Par Léo Ruiz, en Argentine
4 minutes
Independiente aux portes de l’enfer

Monument du foot argentin et sud-américain, Independiente s'apprête à découvrir, pour la première fois de sa glorieuse histoire, la seconde division. Un nouveau coup de tonnerre en Argentine après la relégation de River Plate il y a deux ans.

Un miracle ne suffirait pas. Il en faudrait deux ou trois. Pour rester en première division, Independiente doit remporter ses deux derniers matchs, Argentinos Juniors doit perdre les deux siens, et San Martin de San Juan ne doit en gagner aucun. C’est une quasi certitude, El Rojo, un grand d’Argentine et d’Amérique du Sud, découvrira la B Nacional (la L2 locale) la saison prochaine. Un coup de tonnerre. Le deuxième en deux ans, après la relégation de River Plate. C’est d’ailleurs dans le stade de ce dernier, ce week-end, au Monumental, que les Diables rouges ont fait un grand pas vers l’enfer. Une défaite 2-1, une trentaine de supporters devenus fous, arrachant les sièges et les balançant sur les fans adverses, le reste quittant le stade en pleurs, tout comme leur joueur Hernán Fredes, formé au club et inconsolable à sa sortie du terrain. Le soir même, le Racing d’Avellaneda, l’éternel rival, faisait la grosse bringue dans son Cilindro, où il recevait et battait Boca Juniors (2-0). En tout début de seconde période, un fan déguisé en fantôme, avec un immense B sur le ventre, mettait le stade en transe en s’offrant sans trop de problèmes un tour de terrain. « Le fantôme de la relégation. »

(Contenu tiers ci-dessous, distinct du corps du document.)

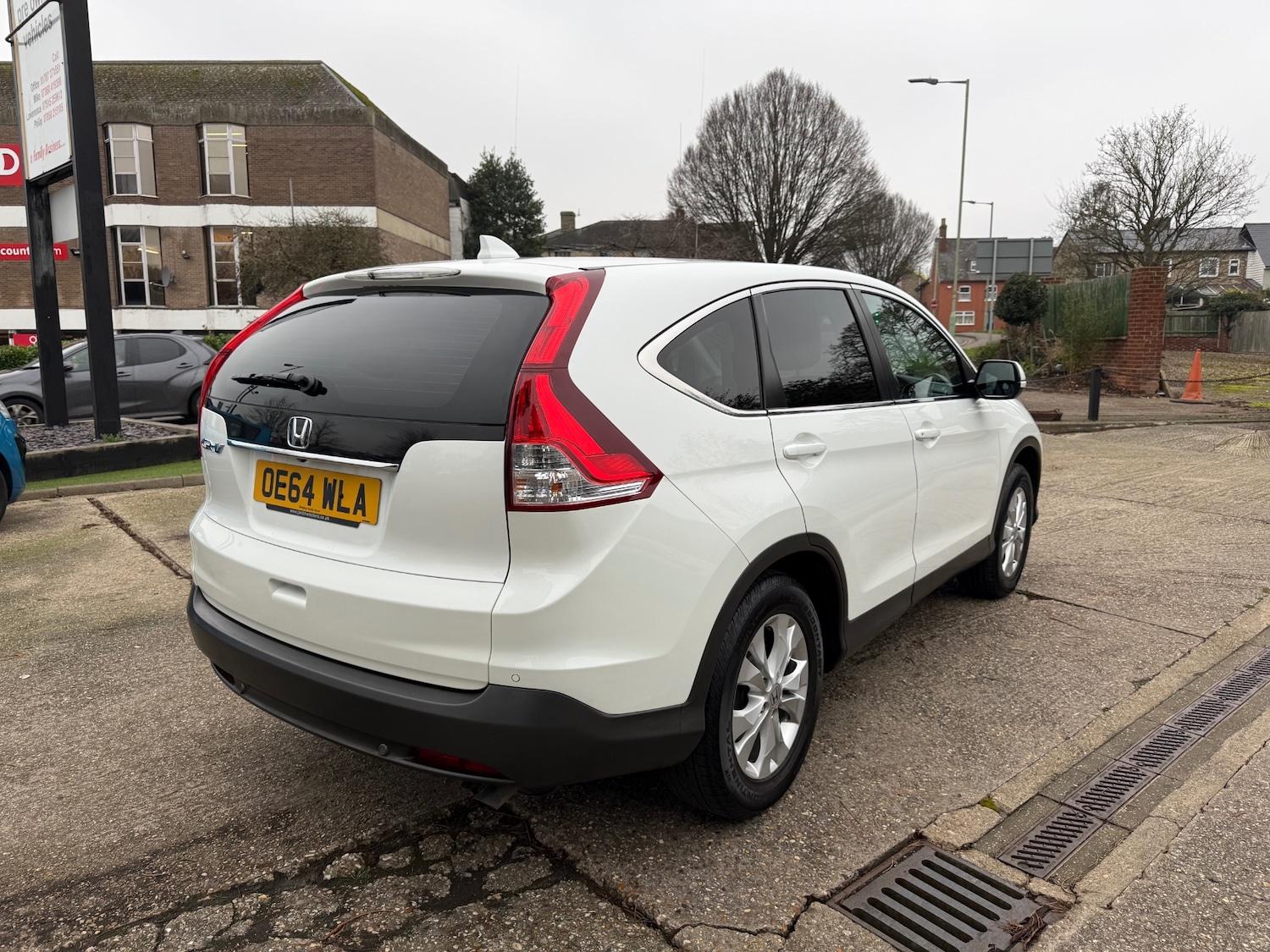 Used Honda CR-V 2015 for sale - 77417457: Photo 5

1,143 point par match en trois ans

Pour bien comprendre ce que la descente d’Independiente représente en Argentine, il suffit de regarder son palmarès. Sept Copa Libertadores, record continental, qu’il partage avec Boca Juniors. Deux Intercontinentales. Quatorze titres de champion. Et un statut, auquel les supporters tenaient très fort car il les différenciait de tous les autres (sauf de Boca) : celui de ne jamais avoir été relégué. Dans les médias, dans la rue, dans le bus, au café ou sur les réseaux sociaux, c’est le principal sujet de conversation à Buenos Aires. Independiente se va a la B. Et ses plus de 80 000 socios avec. Cela fait un an déjà, que le club est menacé, mais personne n’y croyait vraiment. D’autant qu’en Argentine, tout est fait pour protéger les gros de la relégation. Un système de moyenne sur trois ans, qui leur permettait de foirer complètement une ou deux saisons sans trop s’inquiéter. En clair, si Independiente se retrouve aujourd’hui dans cette situation, c’est parce qu’il truste les fonds de classement depuis trois ans. Lors des cinq derniers championnats (disputés sur six mois) pris en compte pour le système de relégation, les Diables rouges ont terminé 20e, 6e, 8e, 16e et 18e. Ils sont actuellement 12es du Tournoi Final. Ce qui donne une moyenne de points pris par match de 1,143. Trop peu pour rester dans l’élite.

Gestion économique et sportive calamiteuse

Comment le club d’Agüero et de Forlán a-t-il pu en arriver là ? D’abord du fait de la crise financière qu’il traverse, produit de la gestion calamiteuse de l’ancien président d’Independiente, Julio Comparada. Avec les ventes en Espagne du Kun (28 millions d’euros) et du gardien Oscar Ustari (6 millions) en 2006 et 2007, plutôt que de construire une bonne équipe, Comparada a décidé de rénover le stade, devenu l’Estadio Libertadores de América. Sauf que les fonds n’ont pas suffi et qu’aujourd’hui encore, une tribune entière, non achevée, est fermée au public. En 2011, un nouveau président est élu. Javier Cantero mène une lutte sans relâche contre les barras bravas, les supporters violents et mafieux, qu’il réussit à éloigner du club. Mais sa gestion sportive est moins convaincante. Très limité économiquement, il ne fait venir que des joueurs de second rang, qui n’ont rien à apporter à l’équipe. Les entraîneurs se succèdent (trois depuis un an), les joueurs emblématiques (Eduardo Tuzzio, l’ancien Marseillais, Ernesto Farías, l’ancien buteur de Porto) passent sans transition de capitaine à porté disparu. Résultat, les gamins du club, limités et sans expérience, se retrouvent titulaires. Pauvreté économique, pauvreté du jeu, le monument Independiente, le « Roi des coupes » , s’effondre. Ne lui reste que ses fidèles supporters. Et l’espoir d’un, de deux ou de trois miracles.

Big Bizot !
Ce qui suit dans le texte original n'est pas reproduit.